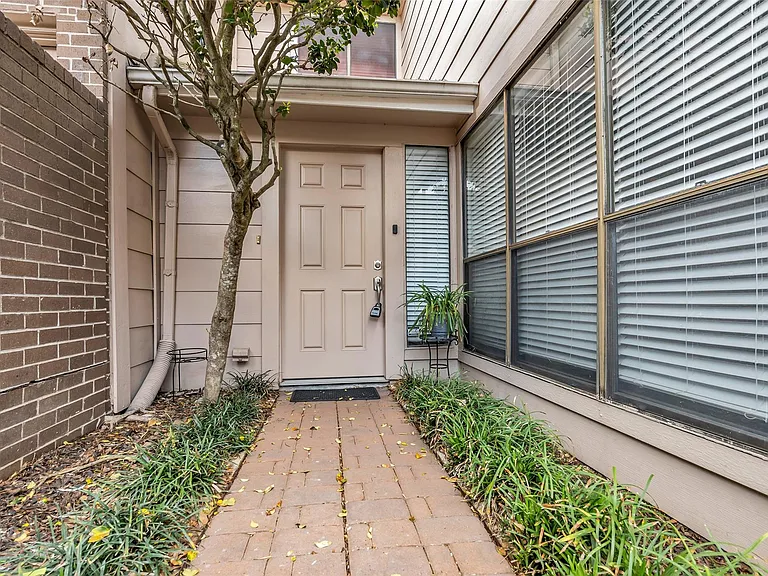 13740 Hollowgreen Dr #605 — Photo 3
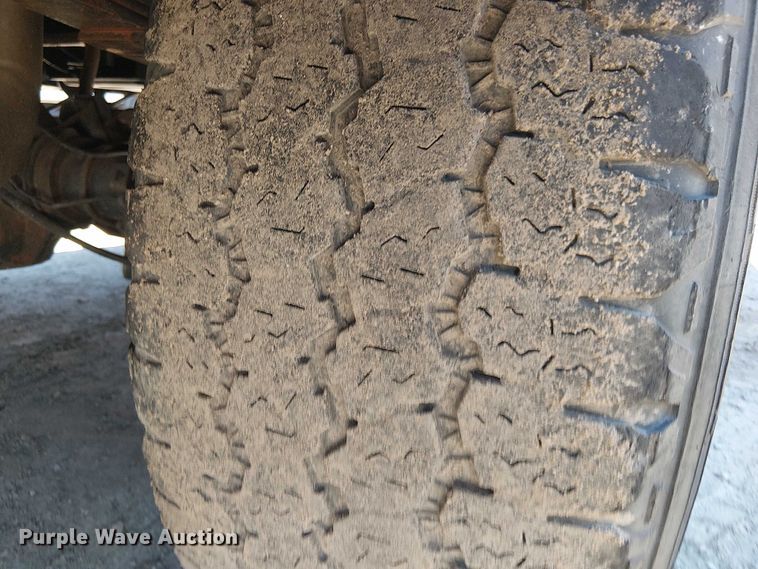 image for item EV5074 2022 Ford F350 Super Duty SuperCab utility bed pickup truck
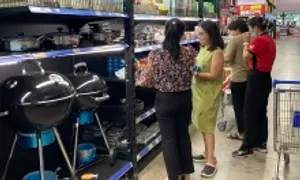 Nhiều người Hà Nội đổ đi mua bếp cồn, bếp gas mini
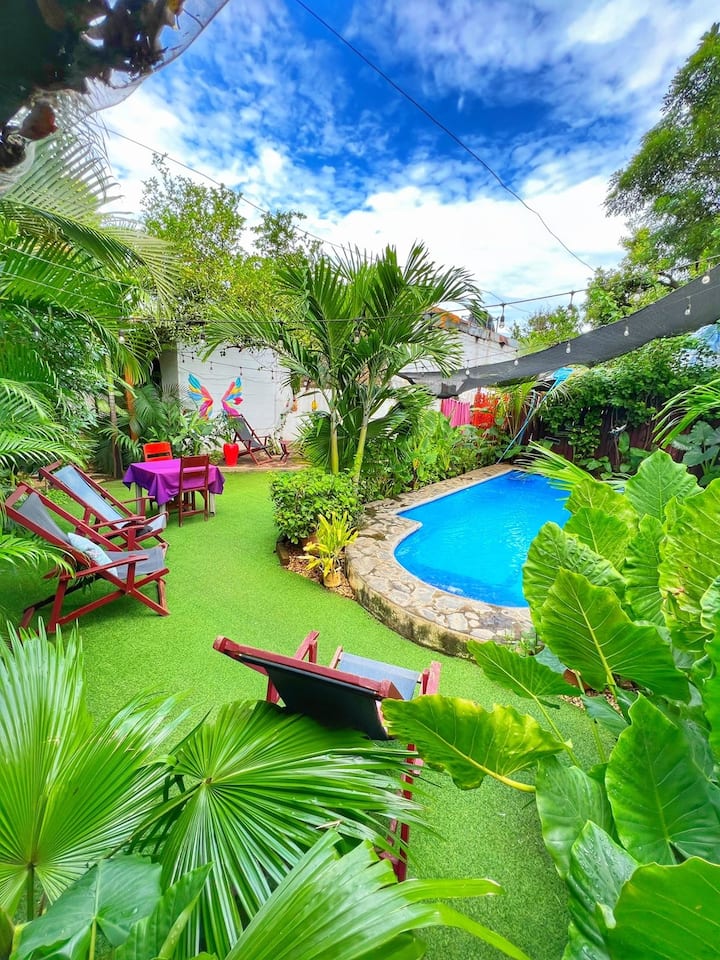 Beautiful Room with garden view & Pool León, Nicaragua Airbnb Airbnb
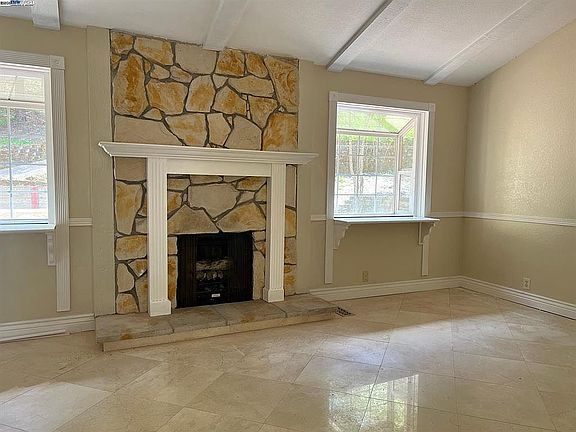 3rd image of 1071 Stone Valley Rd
---
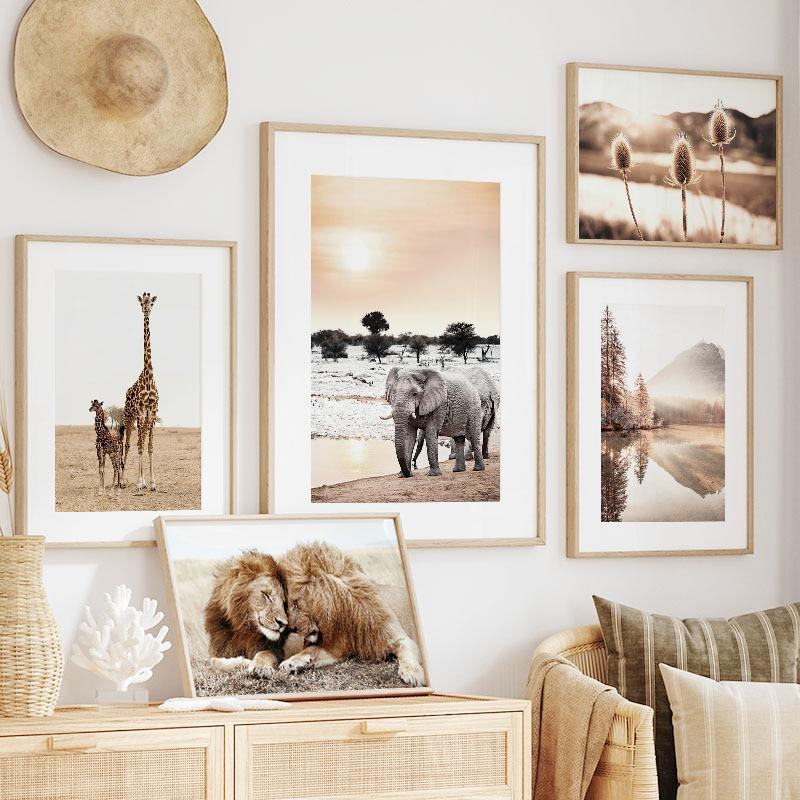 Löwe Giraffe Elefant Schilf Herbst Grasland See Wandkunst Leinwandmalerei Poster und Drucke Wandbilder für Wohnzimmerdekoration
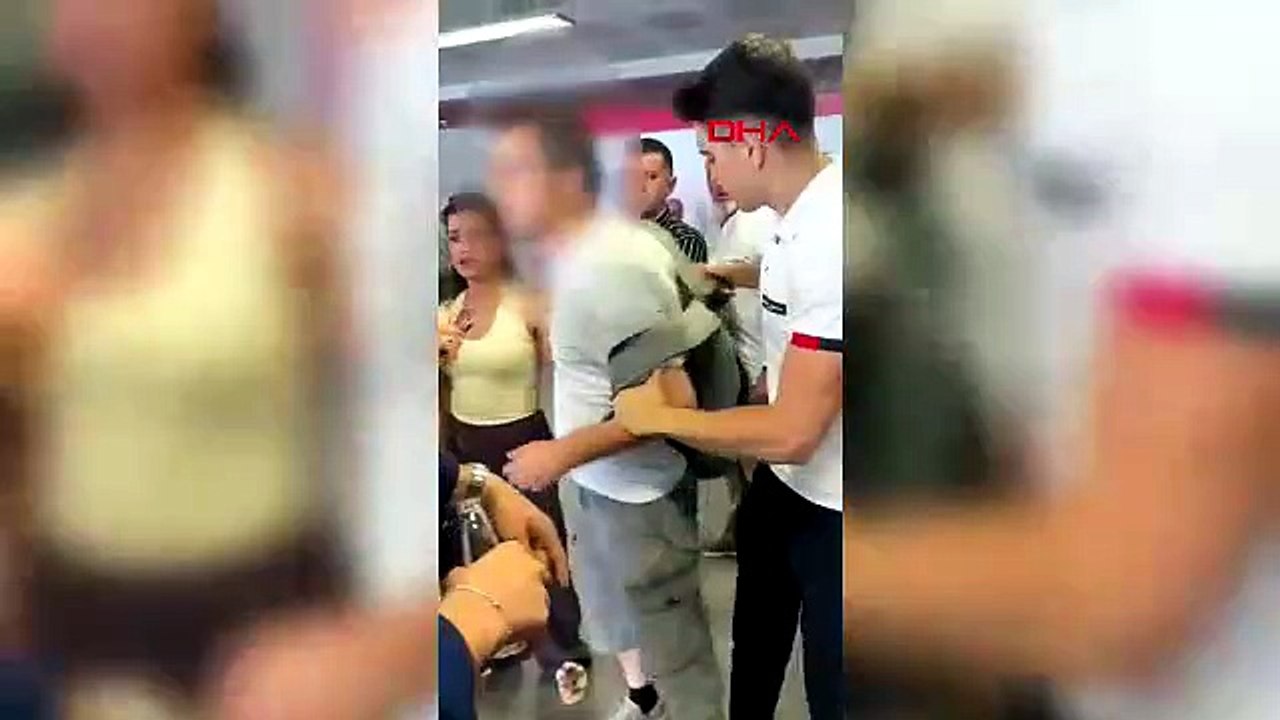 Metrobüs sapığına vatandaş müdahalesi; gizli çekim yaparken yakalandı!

= Task item =
Only one part of the material above is wanted: the lines from the one with "image for item" up to and including the one with "3rd image of 1071 Stone Valley Rd". Please copy them exactly, pictures left out.

= Exercise answer =
 image for item EV5074 2022 Ford F350 Super Duty SuperCab utility bed pickup truck
 Nhiều người Hà Nội đổ đi mua bếp cồn, bếp gas mini
 Beautiful Room with garden view & Pool León, Nicaragua Airbnb Airbnb
 3rd image of 1071 Stone Valley Rd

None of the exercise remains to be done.